Set down the data below without change, skipping the pictures it holds.

*Supplied data*:
☆ ☆ ☆

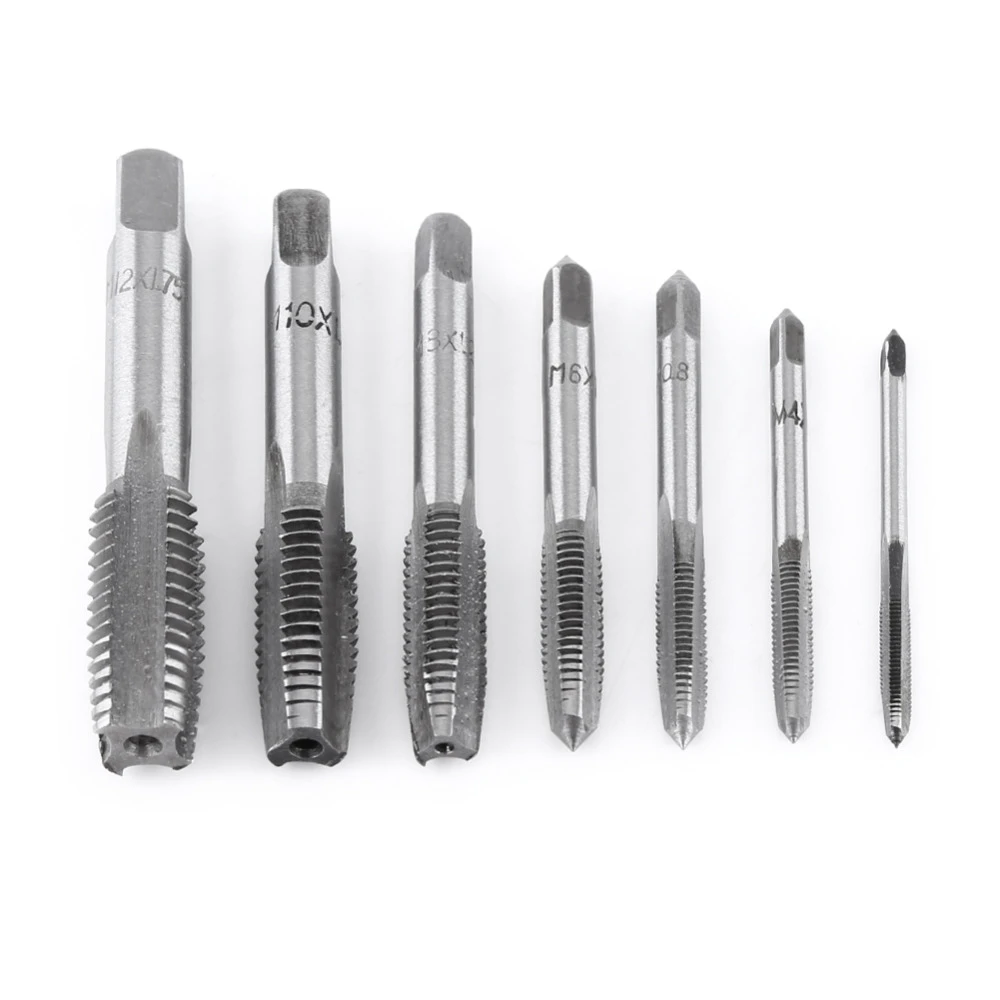 7Pcs/Lot Steel Metric Thread Tap Tapping Tool Spiral Point Straight Fluted Screw Taps Tool Hand Tap Drill Set M3-M12 Hot Sale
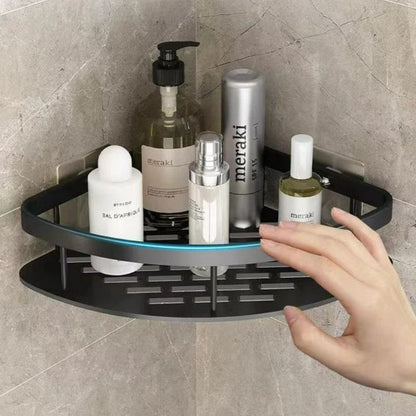 Aluminium Shower Shelf with Open Frame Design and Self Adhesive Mounting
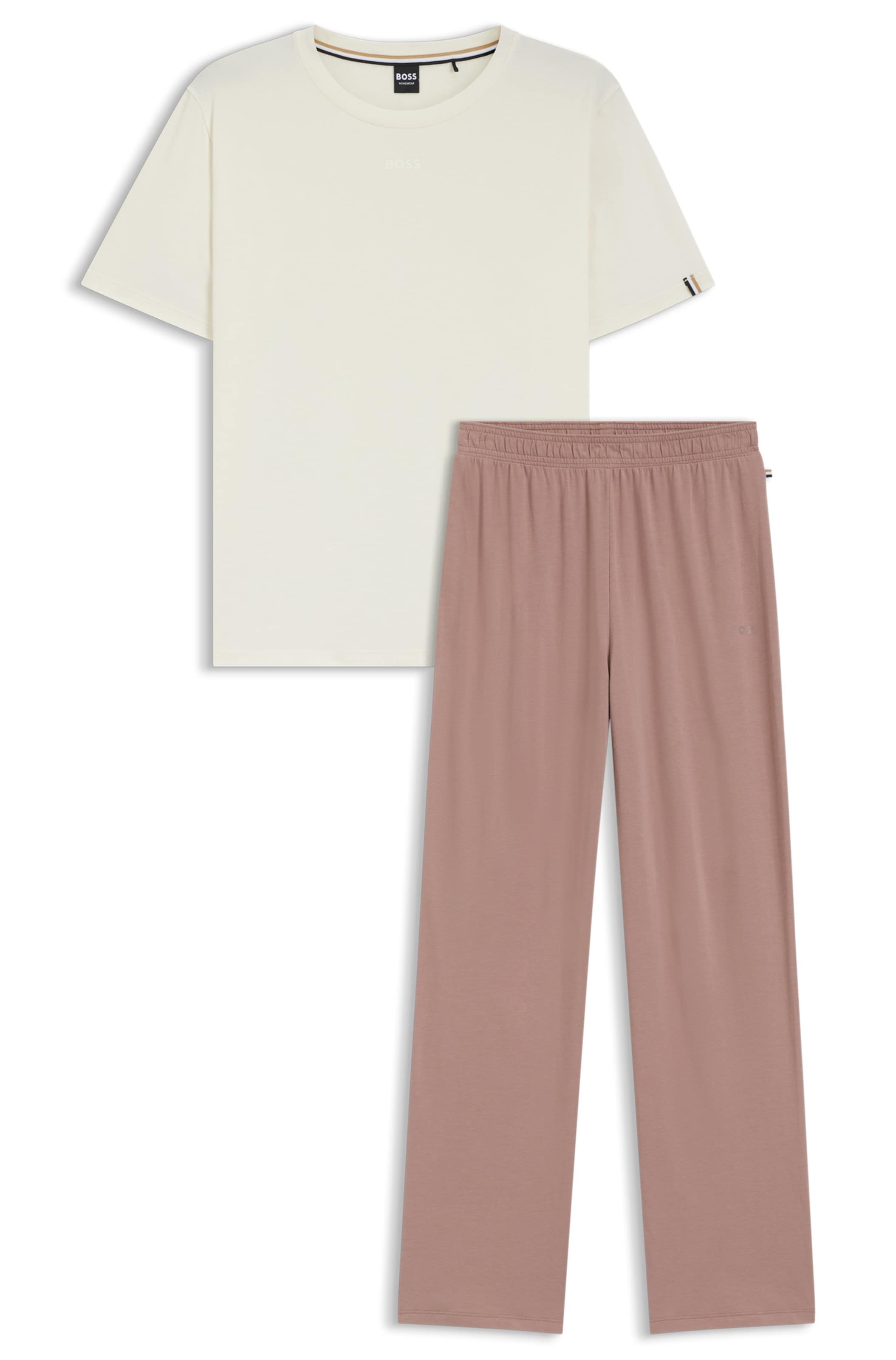 BOSS Pyjama in Beige: Vorderseite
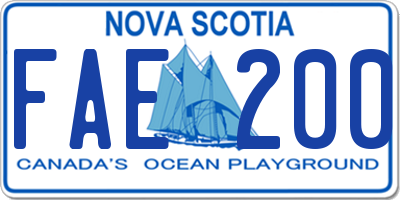 NS license plate FAE200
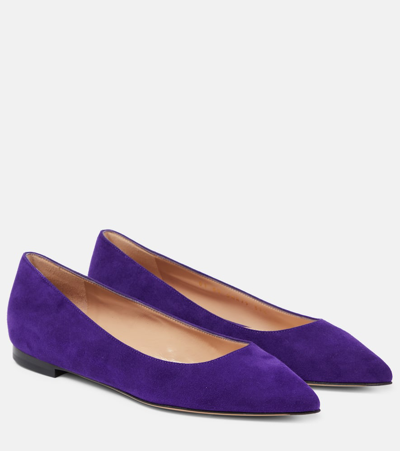 Shop Gianvito Rossi Gianvito Suede Ballet Flats In Purple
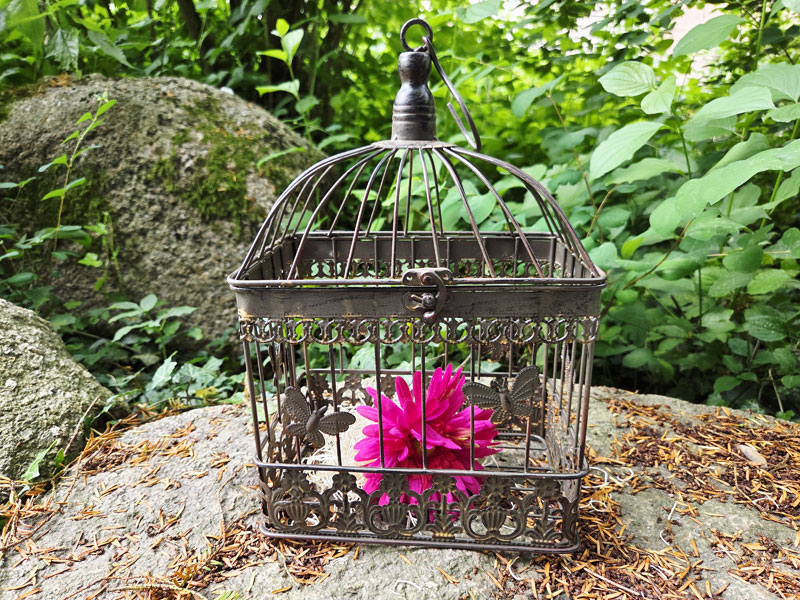 Mittelgroßer Deko Vogelkäfig 31cm Eckig "Antik braun"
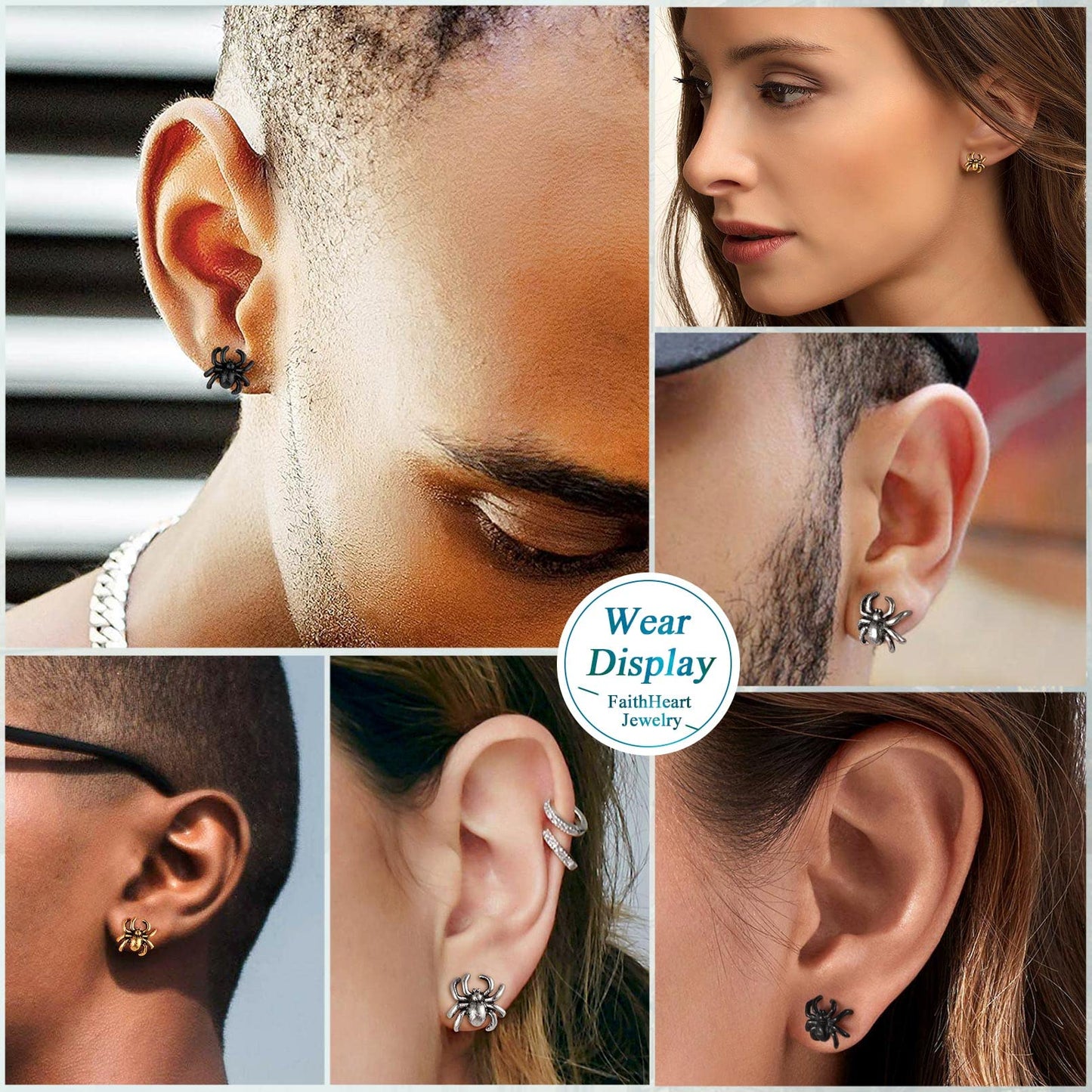 FaithHeart Dragon/Dinosaur/Snake Hoop Earrings for Men, Sturdy Stainless Steel Punk Biker Animals Hypoallergenic Jewelry, Gift Box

☆ ☆ ☆

*Solution to this problem*:
 7Pcs/Lot Steel Metric Thread Tap Tapping Tool Spiral Point Straight Fluted Screw Taps Tool Hand Tap Drill Set M3-M12 Hot Sale
 Aluminium Shower Shelf with Open Frame Design and Self Adhesive Mounting
 BOSS Pyjama in Beige: Vorderseite
 NS license plate FAE200
 Shop Gianvito Rossi Gianvito Suede Ballet Flats In Purple
 Mittelgroßer Deko Vogelkäfig 31cm Eckig "Antik braun"
 FaithHeart Dragon/Dinosaur/Snake Hoop Earrings for Men, Sturdy Stainless Steel Punk Biker Animals Hypoallergenic Jewelry, Gift Box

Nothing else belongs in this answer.